MPs Propose Three-Year Term Limit for State Corporation CEOs

A new legislative proposal in Kenya aims to cap the tenure of chief executive officers and directors-general of state-owned enterprises at three years, with the possibility of a single renewal for an additional three-year term. This move seeks to standardize leadership terms across parastatals, addressing inconsistencies in governance and promoting accountability in public institutions.

The proposal, introduced through amendments to the State Corporations Act, comes as part of broader efforts to reform the management of state entities. Lawmakers argue that the current framework, which allows varying tenures across different parastatals, creates confusion and undermines effective oversight. By establishing a uniform three-year term, renewable once, the bill aims to ensure equal treatment and enhance governance practices in Kenya’s public sector.
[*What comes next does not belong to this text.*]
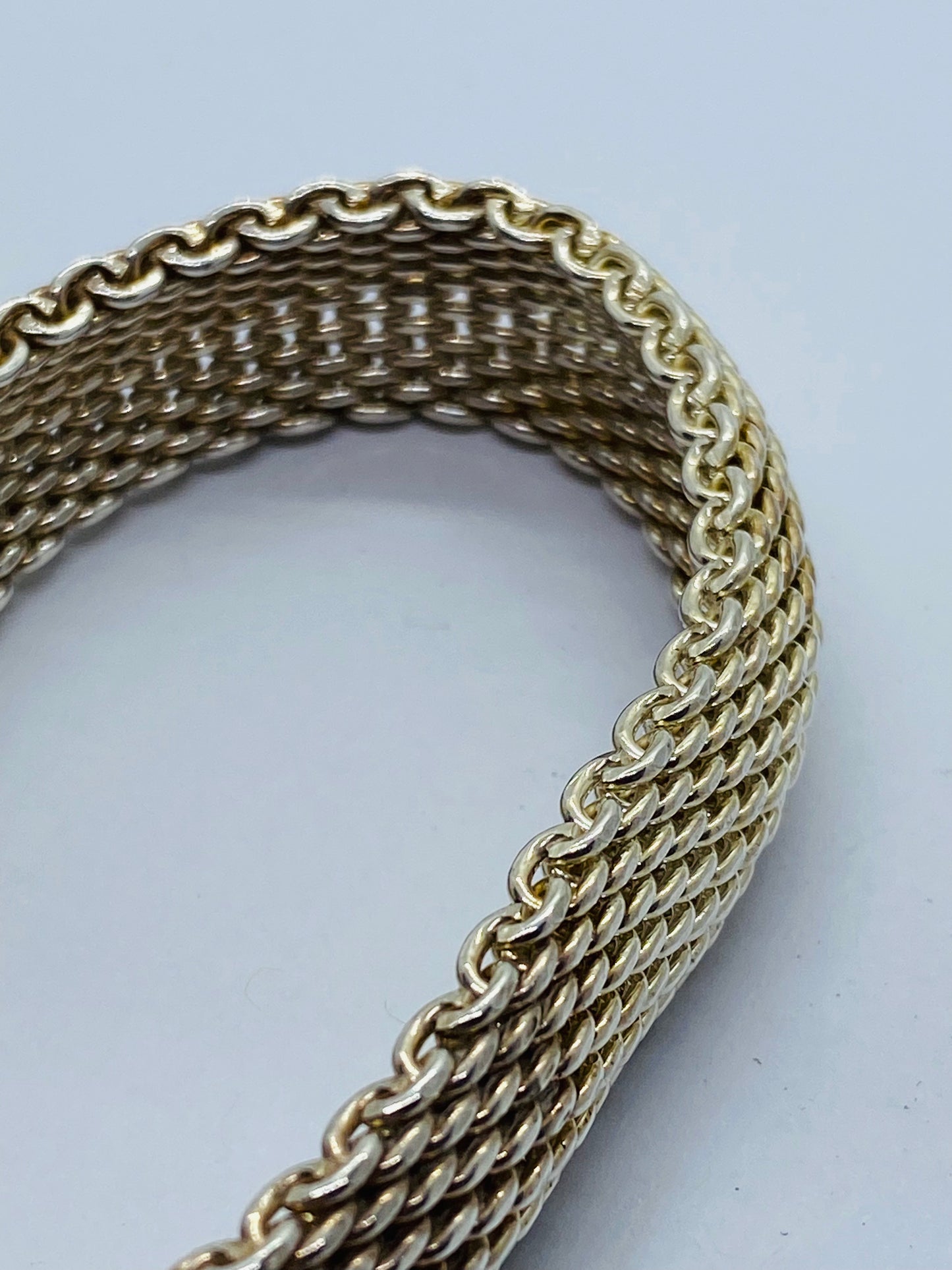 Tiffany & Co. 7.25 Somerset Mesh 15MM Wide Bracelet in Sterling Silver 925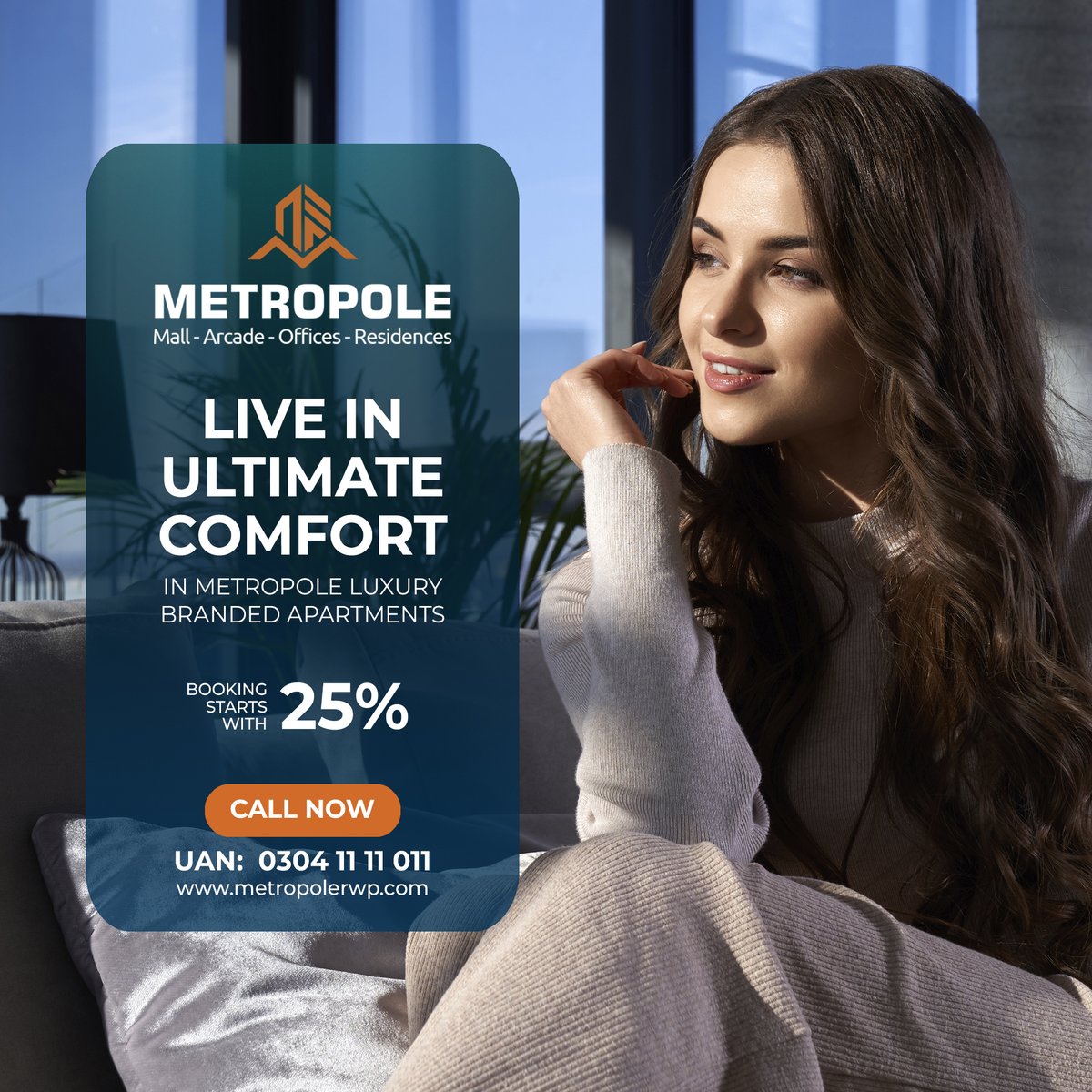 MetroPolepk's tweet photo. Welcome to our exclusive luxury apartments - where comfort meets elegance in the heart of Saddar, Rawalpindi. 

𝗖𝗮𝗹𝗹 𝘂𝘀 𝗻𝗼𝘄 𝘁𝗼 𝗯𝗼𝗼𝗸 𝘆𝗼𝘂𝗿 𝗹𝘂𝘅𝘂𝗿𝘆 𝗮𝗽𝗮𝗿𝘁𝗺𝗲𝗻𝘁! 
☎️ UAN: 0304 11 11 011 

#metropolesaddar #metropolerawalpindi #metropoleapartments https://t.co/S7S0otAjjF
The initiative is driven by concerns over prolonged tenures that may lead to complacency or misuse of authority. Supporters of the bill contend that shorter, fixed terms will encourage fresh leadership, foster innovation, and reduce the risk of entrenched interests within state corporations. The proposal also aligns with ongoing reforms under President William Ruto’s administration, which has emphasized restructuring public institutions to improve efficiency and accountability.

Under the proposed law, current CEOs and directors-general will serve out their existing terms but will only be eligible for a single additional three-year term upon renewal. This provision ensures a smooth transition while implementing the new rules. For example, the tenure of Eng. Kung’u Ndung’u, Director-General of the Kenya National Highways Authority, appointed in 2021, would be affected, potentially ending in 2027 instead of 2031 as originally planned.

The bill has sparked discussions about its potential impact on Kenya’s state corporations, which play a critical role in sectors such as infrastructure, energy, and education. Proponents believe the change will strengthen oversight by allowing regular evaluation of leadership performance. Critics, however, caution that frequent leadership changes could disrupt long-term projects and institutional stability, particularly in agencies handling major infrastructure developments.

The proposal comes at a time when the government is undertaking significant reshuffles in state corporations, partly influenced by a political partnership between President Ruto and opposition leader Raila Odinga. These changes are seen as an effort to create space for new leadership and align public institutions with the administration’s development goals.

Public reactions to the bill are mixed. Some Kenyans welcome the move, viewing it as a step toward curbing mismanagement and ensuring accountability. Others express concerns that shorter terms may deter experienced professionals from taking up leadership roles in state corporations due to job insecurity.

The amendments to the State Corporations Act are currently under consideration in Parliament, with lawmakers expected to engage in public consultations before finalizing the legislation. If passed, the bill could mark a significant shift in how state-owned enterprises are governed, setting a precedent for leadership accountability in Kenya’s public sector.

As the debate continues, stakeholders are closely watching how this proposal will shape the future of state corporations and their contribution to national development. The outcome of this legislative effort could redefine leadership dynamics in Kenya’s public institutions for years to come.